Private VC’s have also honed the role of the contract between them and the firms in which they invest, and with the limited partners who provide the investment capital. The contract with the startup firms is as “hands-off” as possible (see, for example, the SAFE contract — Simple Agreement For Future Equity — available for free download and free use from the Y-Combinator website: and the contract with Limited Partners gives them no role in the management of the fund. Private VC’s understand that high levels of control are not appropriate to the adaptive management of immature firms in rapidly changing environments.

Government bureaucrats directing investments in startups are averse to this kind of hands-off management.

Governments can’t get incentives right, and consequently can’t hire the best executives.

Private VC managers are highly incentivized. In the largest and most successful funds, they receive high salaries and a 20% participation in fund appreciation. The best individuals from the most prestigious business schools are hired to compete with their peers for promotions and partnerships. The most successful funds attract the most capital from the deepest pocketed sources, and the cycle of success rolls on.

Public VCs can’t attract the same quality of human capital. Typically, managers are paid a fixed salary, which can’t be seen as out-of-bounds from the perspective of bureaucratic rules and standards. If there are bonuses, they are calculated in what Professor Murtinu called a “gloomy” way. No-one is going to break any income-equity norms.

Professor Murtinu’s rigorous data-rich analysis proves beyond any doubt the failure of Public Venture Capital.

In order to analyze Public Venture Capital performance, Professor Murtinu utilized the VICO database, a comprehensive data set about venture capital backed companies in high tech industries in seven European countries. He reinforced it with additional data sources, and was able to run a comparison of the performance of firms that received public venture capital backing and those that received no venture capital. The data sets covered 25 years.

The result: no statistical difference between the performance of the two sets of firms. Public Venture Capital had no effect. It was a waste. This was true across all possible variables: productivity, whether total factor productivity or partial factor productivity like labor or capital, sales growth, employment growth, innovation outcomes, exits.

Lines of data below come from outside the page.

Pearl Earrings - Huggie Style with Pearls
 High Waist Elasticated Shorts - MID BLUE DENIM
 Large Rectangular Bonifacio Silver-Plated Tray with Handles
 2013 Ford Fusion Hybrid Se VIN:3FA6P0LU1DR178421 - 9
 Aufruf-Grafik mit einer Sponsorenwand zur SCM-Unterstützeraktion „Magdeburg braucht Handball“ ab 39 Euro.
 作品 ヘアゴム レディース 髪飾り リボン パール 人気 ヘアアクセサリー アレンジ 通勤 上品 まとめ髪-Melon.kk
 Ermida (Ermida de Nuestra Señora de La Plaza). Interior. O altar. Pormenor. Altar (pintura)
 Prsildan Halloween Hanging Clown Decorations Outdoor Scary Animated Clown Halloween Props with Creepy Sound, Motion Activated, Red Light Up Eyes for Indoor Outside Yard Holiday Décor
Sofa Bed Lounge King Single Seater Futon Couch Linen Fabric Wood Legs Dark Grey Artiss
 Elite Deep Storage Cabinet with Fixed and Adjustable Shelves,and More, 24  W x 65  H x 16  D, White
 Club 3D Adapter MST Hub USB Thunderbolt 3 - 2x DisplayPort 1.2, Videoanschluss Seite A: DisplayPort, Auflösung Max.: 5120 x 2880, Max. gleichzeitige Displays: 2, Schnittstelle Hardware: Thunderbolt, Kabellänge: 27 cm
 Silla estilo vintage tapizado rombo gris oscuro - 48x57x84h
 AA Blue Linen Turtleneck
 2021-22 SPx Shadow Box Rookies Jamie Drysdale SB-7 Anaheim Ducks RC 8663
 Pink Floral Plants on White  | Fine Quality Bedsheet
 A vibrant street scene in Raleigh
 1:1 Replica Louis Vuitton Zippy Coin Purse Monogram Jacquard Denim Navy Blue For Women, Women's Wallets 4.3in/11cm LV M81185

The opposite is the case for private venture capital backed firms. In the same kind of analysis, private venture backed firms are statistically superior on every dimension. The overall impact of private venture capital is very clear and highly positive.

There is one possible step in the right direction: government becomes a limited investor.

Public venture capital can syndicate with private venture capital, and so long as the investment is less than 50% of the fund total, and has no say on selection of investments, on due diligence, on governance, on monitoring, and on timing or type of exits, it is possible that the investment outcome can be positive. The European Commission is currently considering this role for Public Venture Capital.